─── Supplied material

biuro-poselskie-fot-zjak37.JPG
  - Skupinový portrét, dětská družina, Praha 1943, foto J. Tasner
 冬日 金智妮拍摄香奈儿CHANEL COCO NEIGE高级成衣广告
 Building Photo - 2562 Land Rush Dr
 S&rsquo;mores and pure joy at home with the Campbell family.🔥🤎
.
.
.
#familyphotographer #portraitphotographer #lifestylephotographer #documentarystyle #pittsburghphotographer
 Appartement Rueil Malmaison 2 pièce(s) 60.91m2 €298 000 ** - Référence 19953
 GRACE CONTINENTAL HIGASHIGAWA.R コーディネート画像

──────

What you are asked to do =
Only an exact transcription of all the entries will do.

Task solution =
biuro-poselskie-fot-zjak37.JPG
  - Skupinový portrét, dětská družina, Praha 1943, foto J. Tasner
 冬日 金智妮拍摄香奈儿CHANEL COCO NEIGE高级成衣广告
 Building Photo - 2562 Land Rush Dr
 S&rsquo;mores and pure joy at home with the Campbell family.🔥🤎
.
.
.
#familyphotographer #portraitphotographer #lifestylephotographer #documentarystyle #pittsburghphotographer
 Appartement Rueil Malmaison 2 pièce(s) 60.91m2 €298 000 ** - Référence 19953
 GRACE CONTINENTAL HIGASHIGAWA.R コーディネート画像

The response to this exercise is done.